Task to carry out:
Please give back the listing below word for word and drop any images.
[Recorded data Boundary: Start]
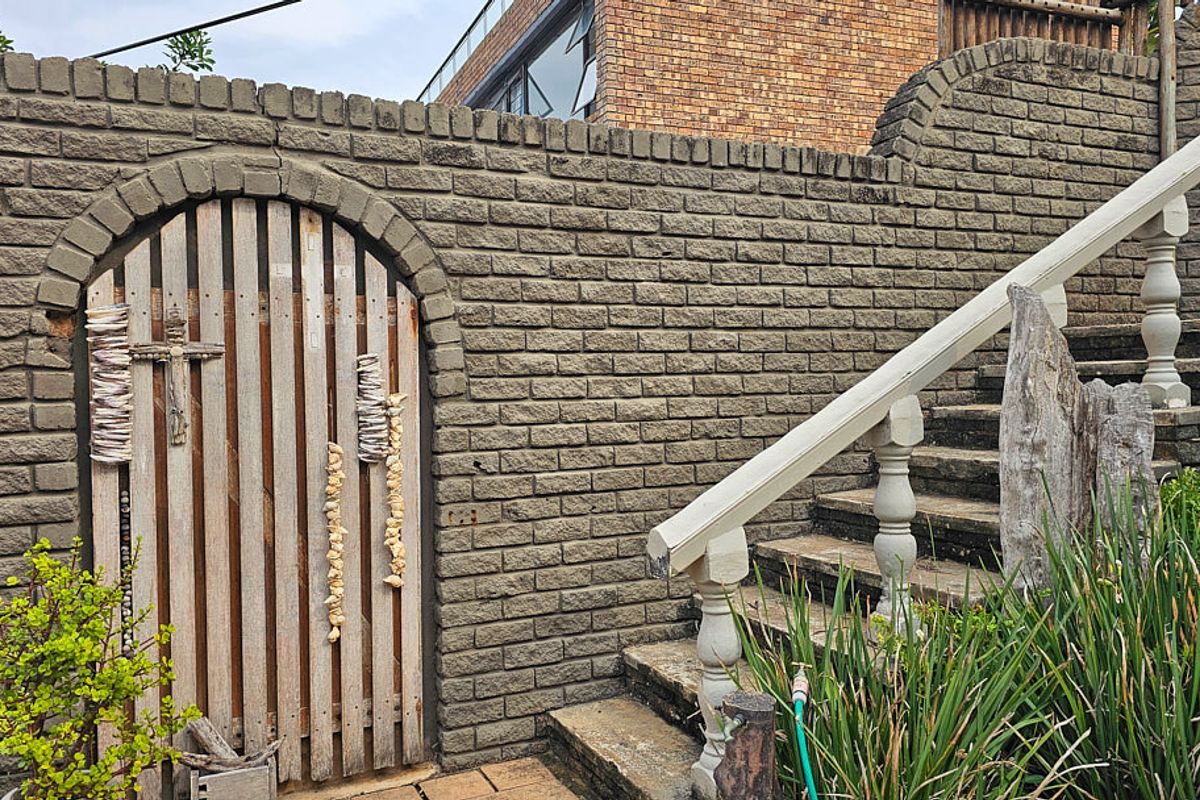Exterior view of a brick boundary wall featuring an arched wooden gate and concrete staircase with a balustrade railing.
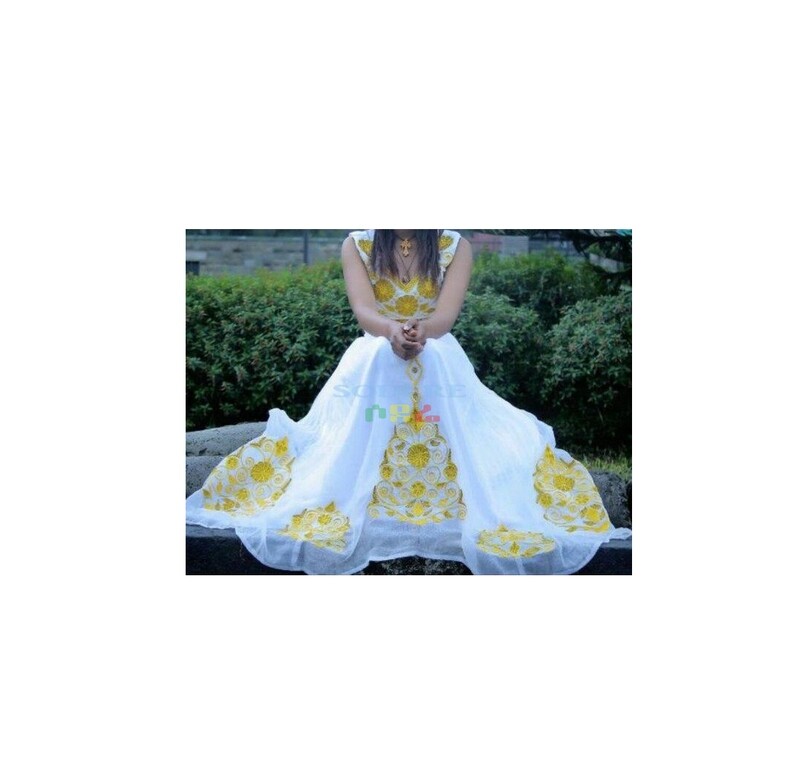 ረዘም ያለ የሀበሻ ቀሚስ  Ethiopian Traditional Long Dress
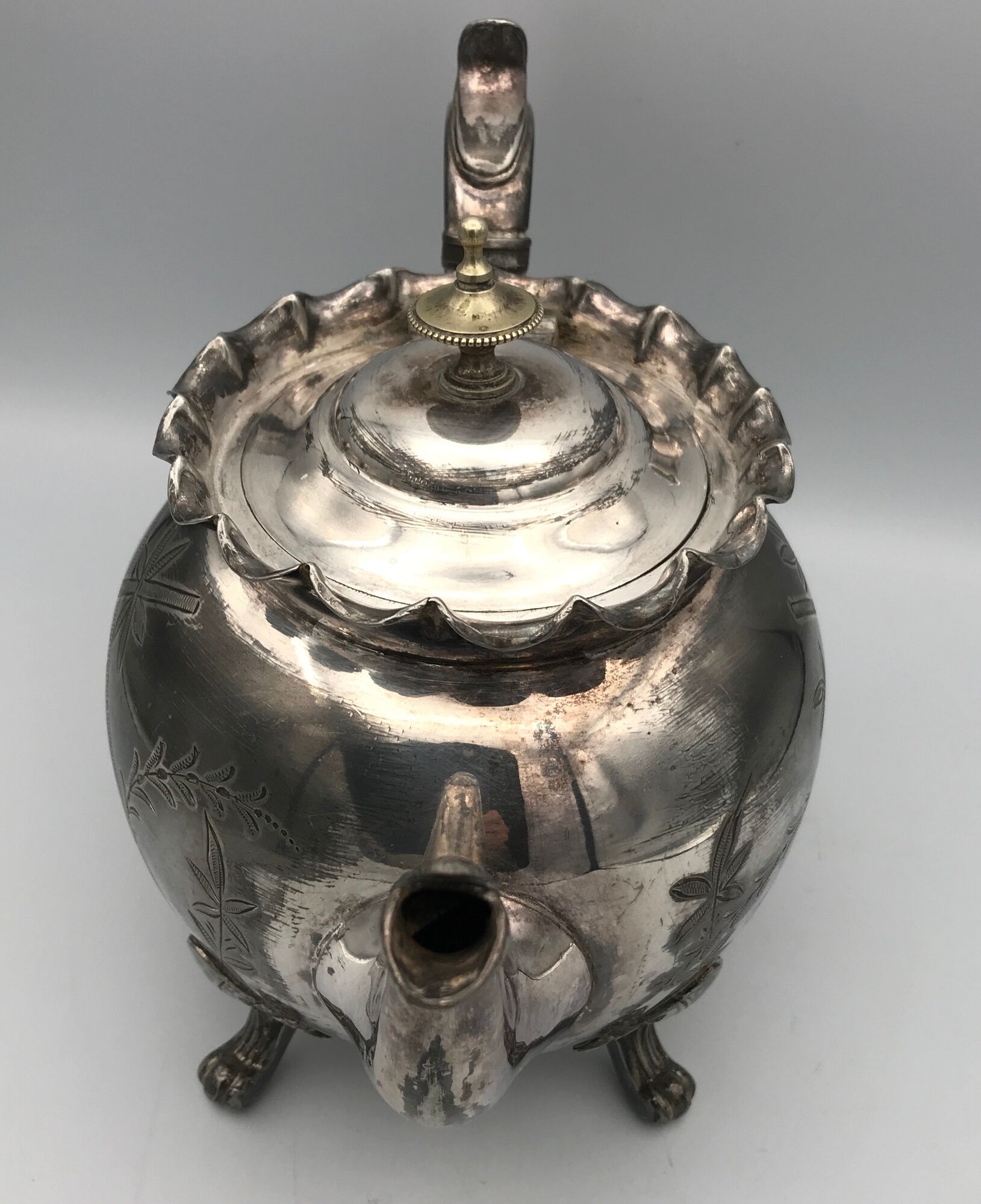 Old teapot pourer in silver metal decorated with foliage and butterflies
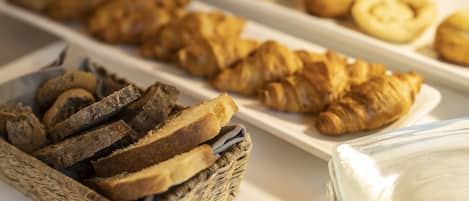 A buffet with various baked goods including bread, croissants, and pastries.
[Recorded data Boundary: End]
Problem solution:
Exterior view of a brick boundary wall featuring an arched wooden gate and concrete staircase with a balustrade railing.
 ረዘም ያለ የሀበሻ ቀሚስ  Ethiopian Traditional Long Dress
 Old teapot pourer in silver metal decorated with foliage and butterflies
 A buffet with various baked goods including bread, croissants, and pastries.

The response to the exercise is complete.